EXTRACTED MATERIAL =>

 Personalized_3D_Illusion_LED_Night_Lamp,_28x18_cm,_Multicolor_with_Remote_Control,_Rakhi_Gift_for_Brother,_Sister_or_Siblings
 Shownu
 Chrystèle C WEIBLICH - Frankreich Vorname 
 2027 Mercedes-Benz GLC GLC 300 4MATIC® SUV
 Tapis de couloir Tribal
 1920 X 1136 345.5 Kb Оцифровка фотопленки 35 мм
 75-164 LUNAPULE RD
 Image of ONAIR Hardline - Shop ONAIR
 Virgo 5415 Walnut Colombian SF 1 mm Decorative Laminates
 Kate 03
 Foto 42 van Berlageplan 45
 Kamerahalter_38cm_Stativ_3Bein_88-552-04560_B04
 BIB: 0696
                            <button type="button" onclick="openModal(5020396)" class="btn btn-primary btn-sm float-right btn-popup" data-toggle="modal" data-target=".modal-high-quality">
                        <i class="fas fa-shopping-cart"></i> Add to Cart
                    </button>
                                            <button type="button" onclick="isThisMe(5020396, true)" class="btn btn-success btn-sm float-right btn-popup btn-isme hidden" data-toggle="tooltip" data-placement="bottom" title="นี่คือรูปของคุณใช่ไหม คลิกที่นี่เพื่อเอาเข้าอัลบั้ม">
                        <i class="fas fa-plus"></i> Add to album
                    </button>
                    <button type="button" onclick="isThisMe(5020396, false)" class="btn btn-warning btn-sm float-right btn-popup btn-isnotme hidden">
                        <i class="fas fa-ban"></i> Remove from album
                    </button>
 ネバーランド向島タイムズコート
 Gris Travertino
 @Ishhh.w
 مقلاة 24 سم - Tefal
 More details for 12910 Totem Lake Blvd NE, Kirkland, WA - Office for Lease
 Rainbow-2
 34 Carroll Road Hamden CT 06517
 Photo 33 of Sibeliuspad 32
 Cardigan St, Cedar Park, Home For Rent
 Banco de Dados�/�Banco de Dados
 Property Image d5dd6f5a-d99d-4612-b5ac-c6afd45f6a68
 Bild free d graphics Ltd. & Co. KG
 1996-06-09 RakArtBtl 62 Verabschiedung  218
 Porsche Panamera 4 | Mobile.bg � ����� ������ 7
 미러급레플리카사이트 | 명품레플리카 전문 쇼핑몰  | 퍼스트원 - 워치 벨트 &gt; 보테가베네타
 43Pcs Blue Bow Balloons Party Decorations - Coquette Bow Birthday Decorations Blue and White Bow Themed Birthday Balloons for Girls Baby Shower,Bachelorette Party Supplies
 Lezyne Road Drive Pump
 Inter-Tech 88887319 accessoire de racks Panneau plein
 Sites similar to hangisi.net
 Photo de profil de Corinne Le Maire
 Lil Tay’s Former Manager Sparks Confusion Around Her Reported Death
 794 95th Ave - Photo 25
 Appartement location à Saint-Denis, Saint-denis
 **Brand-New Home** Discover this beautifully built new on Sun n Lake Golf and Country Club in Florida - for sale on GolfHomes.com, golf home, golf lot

WHAT YOU ARE ASKED TO DO =>
Your task is to quote the lines above, beginning with the first and ending with the one that holds "1920 X 1136".

ANSWER BOX =>
 Personalized_3D_Illusion_LED_Night_Lamp,_28x18_cm,_Multicolor_with_Remote_Control,_Rakhi_Gift_for_Brother,_Sister_or_Siblings
 Shownu
 Chrystèle C WEIBLICH - Frankreich Vorname 
 2027 Mercedes-Benz GLC GLC 300 4MATIC® SUV
 Tapis de couloir Tribal
 1920 X 1136 345.5 Kb Оцифровка фотопленки 35 мм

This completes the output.